Lawrence "L. C." Cole (born January 3, 1956) is an American football coach and former player.  He was the 18th head football coach at Tennessee State University in Nashville, Tennessee and he held that position for four seasons, from 1996 until 1999. His career coaching record at Tennessee State was 28–18.

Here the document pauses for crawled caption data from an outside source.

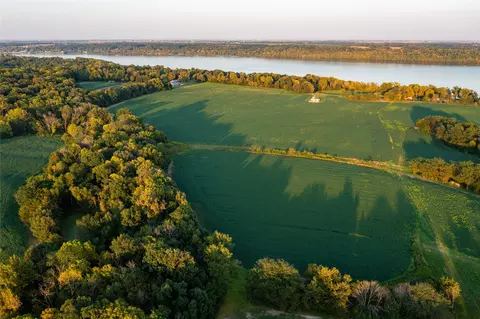 Mississippi River Road, Keokuk, IA 52632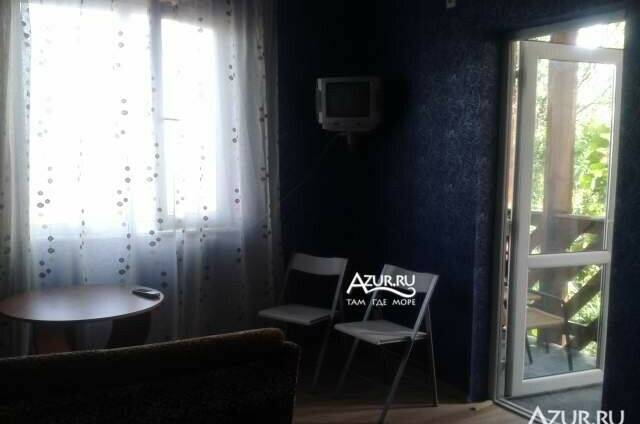 2-х комнатный номер 2 этаж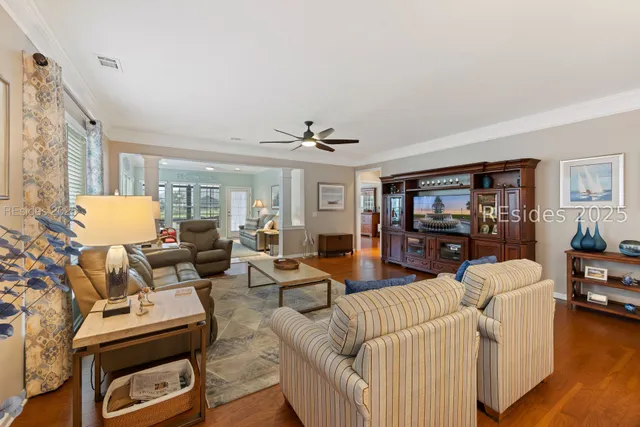 $549,000 | 23 Knotweed Court, Bluffton, SC 29909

After a successful, but controversial, stint as head coach at Alabama State University, Cole revived the storied football program at Montgomery, Alabama's Sidney Lanier High School; during Cole's two years at Lanier, the Poets won the City Championship each year, and they never lost to a city opponent. Lanier reached the state playoffs each year, making it to the quarterfinals in 2006. On December 3, 2008, Cole was announced as Stillman College's third head coach since the reinstatement of the program in 1999 in replacing Greg Thompson. Following the 2010 season, Cole was fired as head coach, and replaced with Stillman alumnus Teddy Keaton.

Personnel
Lawrence Cole has a wife, Mitzi Ann Parker Cole, and a son, Clay Cole. His wife was born in Madison, Wisconsin. His son is from Nashville, Tennessee. His parents are Ruby Cole and Timothy Cole. He was the fourth of nine brothers.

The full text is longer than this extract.